Wskazówki do korzystania z sauny
Często oprócz samego regulaminu obiekty decydują się na publikację wskazówek, jak należy korzystać z saun. Taki tekst można określić regulaminem w innej, bardziej przystępnej i skróconej formie. Mieszczą się one zazwyczaj na jednej stronie A4, są pisane przejrzyście i dużą czcionką. Zapoznanie się z takimi zaleceniami jest szybsze i z pewnością więcej osób zapozna się z takim krótkim tekstem, niż będzie analizować punkt po punkcie długi regulamin.
W analizowanym przez nas przypadku wskazania opisują poszczególne etapy saunowania. Musimy zaznaczyć, że wskazania do korzystania z sauny są integralną częścią tego regulaminu (jest to jeden dwustronicowy dokument), co może mieć istotne znaczenie. Jeden z ostatnich punktów regulaminu nakazuje rozłożenie ręcznika tak, aby żadna część ciała nie stykała się z powierzchnią siedziska.
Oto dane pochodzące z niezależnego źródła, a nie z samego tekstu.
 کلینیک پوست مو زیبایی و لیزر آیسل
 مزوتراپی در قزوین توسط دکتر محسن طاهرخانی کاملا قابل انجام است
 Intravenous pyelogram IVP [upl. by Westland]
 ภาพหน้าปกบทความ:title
We wskazówkach do korzystania z sauny jest natomiast zapis mówiący, że „do sauny wchodzi się nago lub w stroju kąpielowym z ręcznikiem”. Zatem, jeśli ktoś zapozna się wyłącznie z jedną częścią tej publikacji, ignorując zupełnie drugą (i na odwrót), to wnioski mogą być całkowicie rozbieżne.
Słowem wyjaśnienia
Powyżej przedstawiliśmy tylko kilka przykładów pewnych niedopowiedzeń lub nieścisłości w regulaminach. Poprzez naszą działalność i własnym przykładem promujemy zasady zdrowego korzystania z tego cudownego miejsca, jakim jest sauna. Stanowczo odrzucamy możliwość saunowania w sztucznych strojach, a także jesteśmy przeciwni niszczeniu saun przez zaniechanie izolacji siedziska od spoconych ciał saunowiczów.
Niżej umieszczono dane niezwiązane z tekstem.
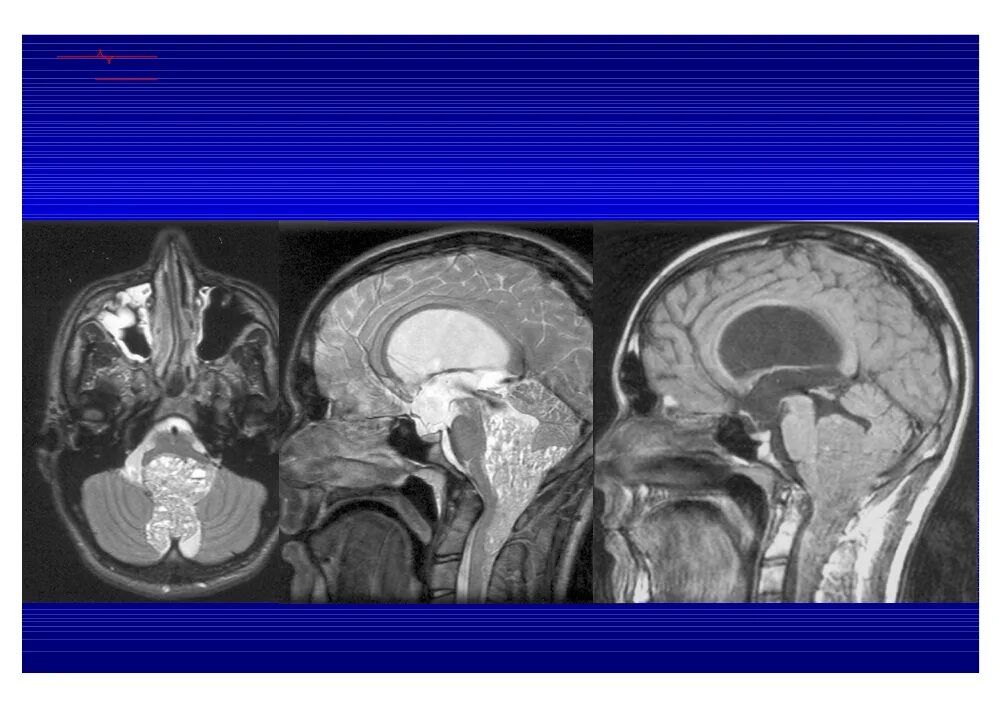 Опухоли желудочков. Эпендимома мозжечка мрт. Эпендимома бокового желудочка. Анапластическая эпендимома IV желудочка. Эпендимома головного мозга мрт.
Wiemy, jaki ludzie mają stosunek do czytania regulaminów i umów czy zasad. Wiemy także, jak wygląda saunowanie w miejscach takich, jak baseny, hotele czy siłownie. Mając na uwadze powyższe, jesteśmy za tym, aby wszelkiego rodzaju regulaminy były czytelne, zwięzłe i przejrzyste. Mogą być one także powtórzone w postaci piktogramów, które są łatwiej zauważalne.
Systematyczne powtarzanie i tłumaczenie osobom nieświadomym swojego postępowania może przynieść więcej korzyści, niż lista nakazów i zakazów.
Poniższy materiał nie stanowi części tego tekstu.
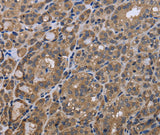 Anti-Human/Mouse GADD45B Antibody - ABMIUM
Dalecy jesteśmy także od krytykowania autorów takich regulaminów. Należałoby się zapoznać z każdym przypadkiem osobno, a dopiero wtedy można by było wyciągnąć wnioski. Bez względu na to, jeśli znajdziecie takie nieścisłości, warto przekazać swoje uwagi osobie zarządzającej danym obiektem oraz poprzeć to odpowiednimi argumentami.